Upon first hearing the story that Frank Thomas was announcing his retirement, this writer was a bit baffled. Wasn't he already retired? Apparently not. He didn't play in 2009 because no one offered him a job, which is a rather ignominious way to end what was a brilliant career. The previous sentence is even more stark in the little news that covered the slugger's absence from the game. After all, for a ten year period, he was one of the best batters in baseball. At least his formal announcement will give the baseball world some time to catch up and encapsulate his career, something that wasn't happening last year when he didn't play and very few people noticed. And it was a career worth talking about.
By any of the current player measurements, Frank Thomas was a great player.

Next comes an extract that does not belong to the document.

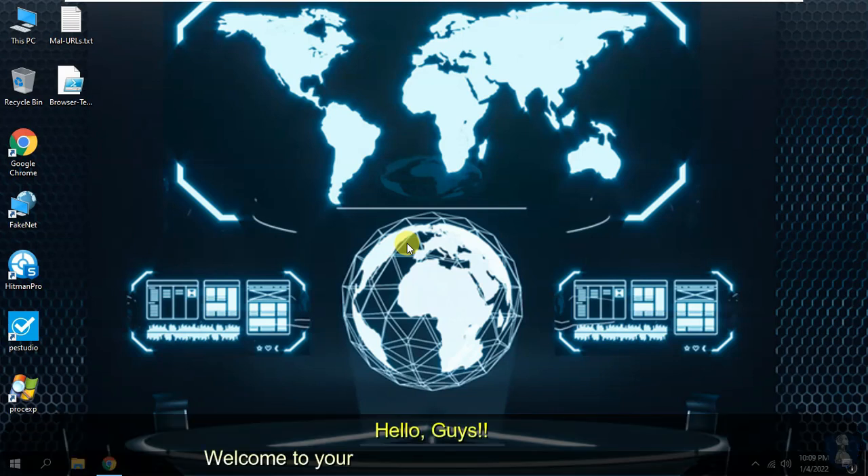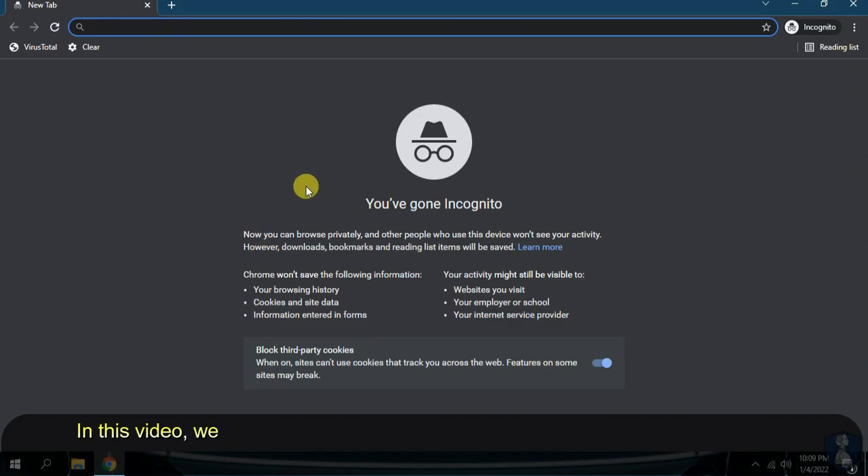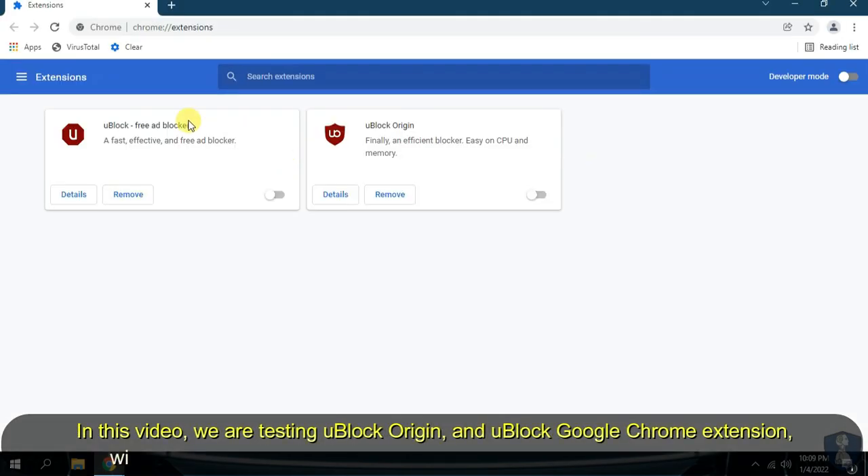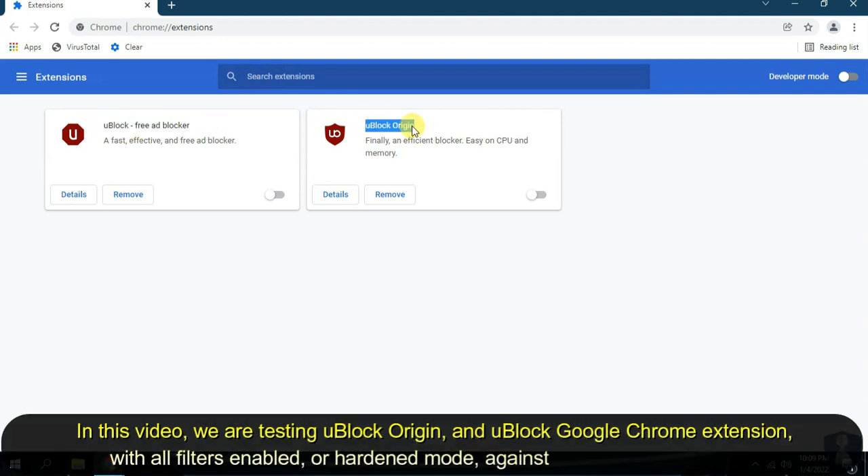Hello guys! Welcome to your YouTube channel NB Infotech. In this video, we are testing uBlock Origin and uBlock Google Chrome extension with all filters enabled, or hardened mode, against 50 malicious websites.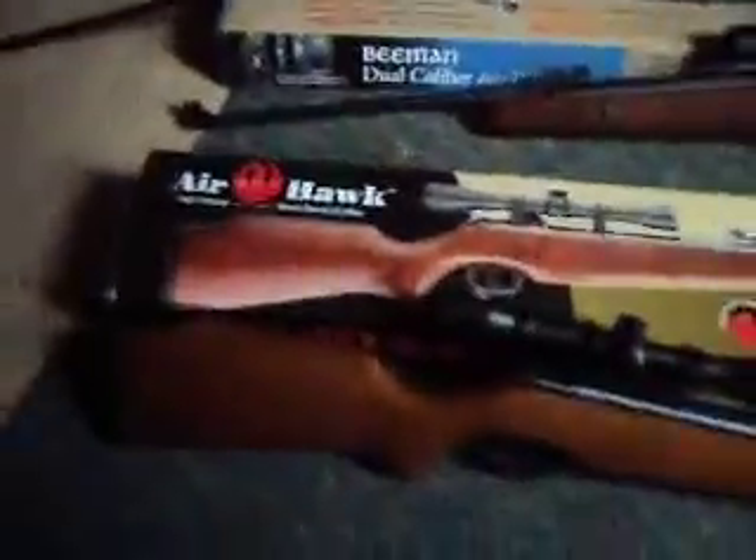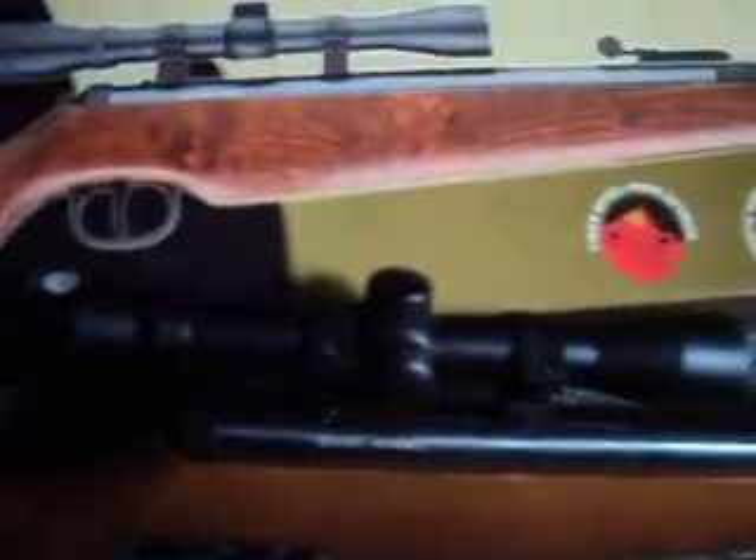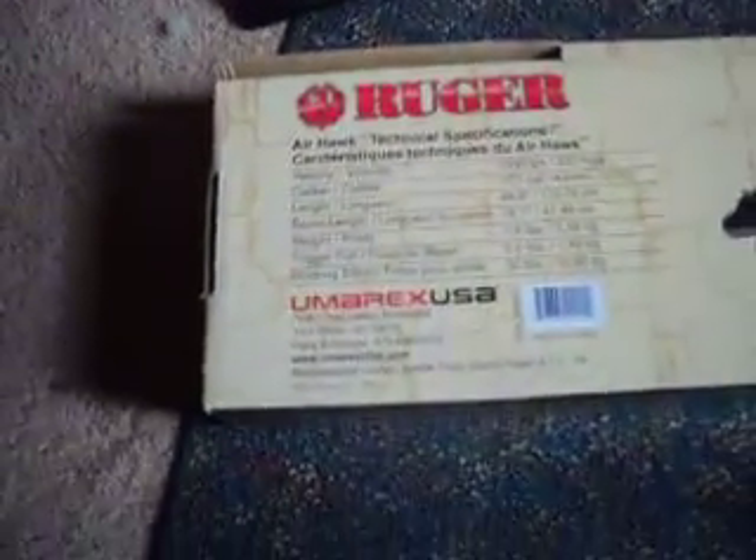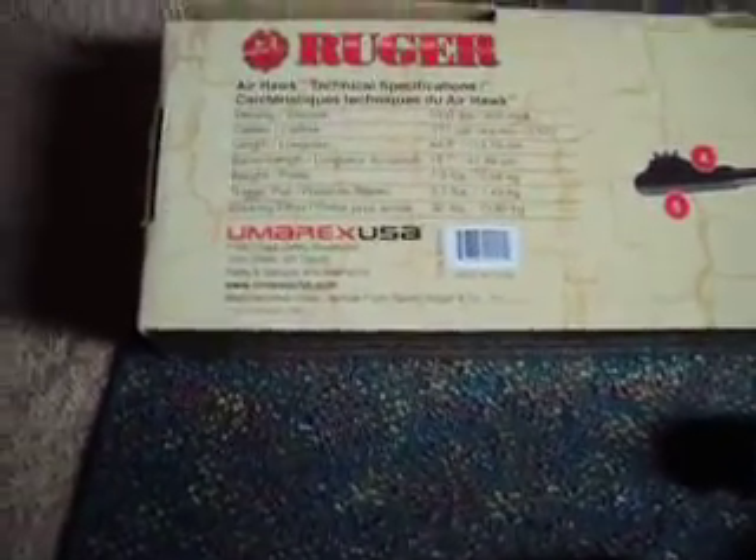I killed about 10, maybe 15 squirrels with that gun. It's a high velocity break barrel. It has fiber optic front and rear sights, and on both of these I have scopes that come with it — they are 4 by 32. This is recommended for small game hunting, large pest control, and small pest control. It's a nice gun for the money.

He led the league in OPS four times and OPS+ three times. He finished with a .974 career OPS. His career line finished at: .301/.419/.555. The .419 for On Base Percentage is what everyone will remember. Frank Thomas walked a LOT. He walked more than he struck out in his career. He walked over 100 times in a season ten times, including eight years in a row.
But he also hit the crap out of the ball when he did swing. He finished with 521 homers and had eleven seasons where he drove in more than 100 runs. And Frank Thomas was big. He was six foot, five inches tall and played close to 265 pounds. He led the league in doubles once and hit over 30 homers nine times.

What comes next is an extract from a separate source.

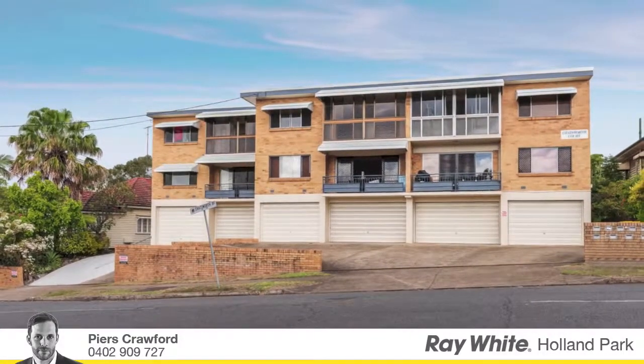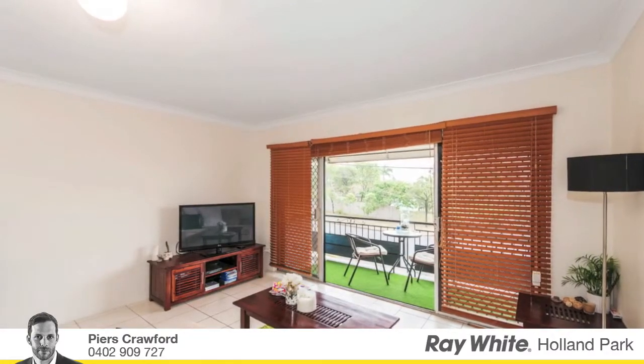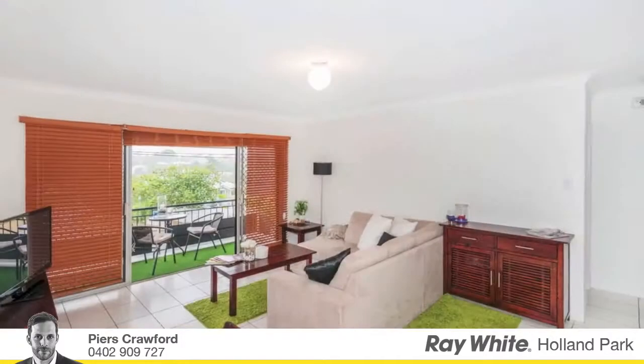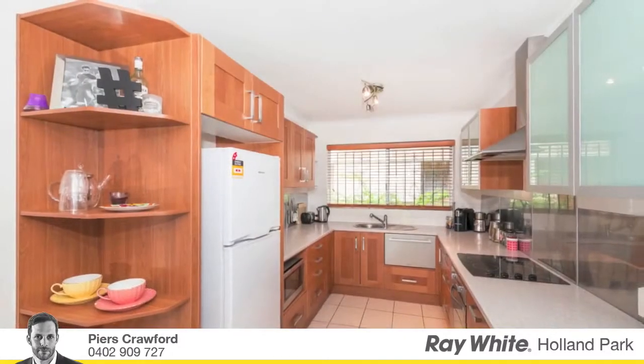Superbly located, this north-facing apartment is situated in the heart of Kuperu in a well-maintained boutique apartment building of 9. Tastefully updated details make this apartment a wonderful inner city sanctuary.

Frank Thomas finished in the top ten for MVP eight times. He won the award twice. His career WAR (wins over replacement) finished up at 75.9. To get some perspective on that number, Jim Thome sits at 66.9 and Hall of Famer, Eddie Murray finished at 66.7. Of course, that figure would have been higher if he hadn't been a first baseman/DH. Thomas wasn't much of a first baseman. His counting stats also suffered from three lost seasons in 2001, 2004 and 2005 when he missed most of those seasons.
Thomas had one last great season for the Oakland A's in 2006 and a very good campaign for the Blue Jays the following year. But in reality, he was never the force after 2001 that he was from 1991 to 2000. His slow and gradual decline, broken by a few over the top seasons after 2000 probably accounts for his low profile and lack of recognition from the average fan. In that regard, his career most compares to Harmon Killebrew whose career path was very similar.
Is Thomas a Hall of Fame candidate? Count the Fan with a resounding YES. His career exemplified power and patience and few ever did it better. By the way, there was another Frank Thomas who played when the Fan was growing up. He was also big (6' 3") and had a nice career from 1951 to 1966. He hit 286 homers. So the combined total of 807 homers by the pair of Frank Thomases has to be a record for any one name.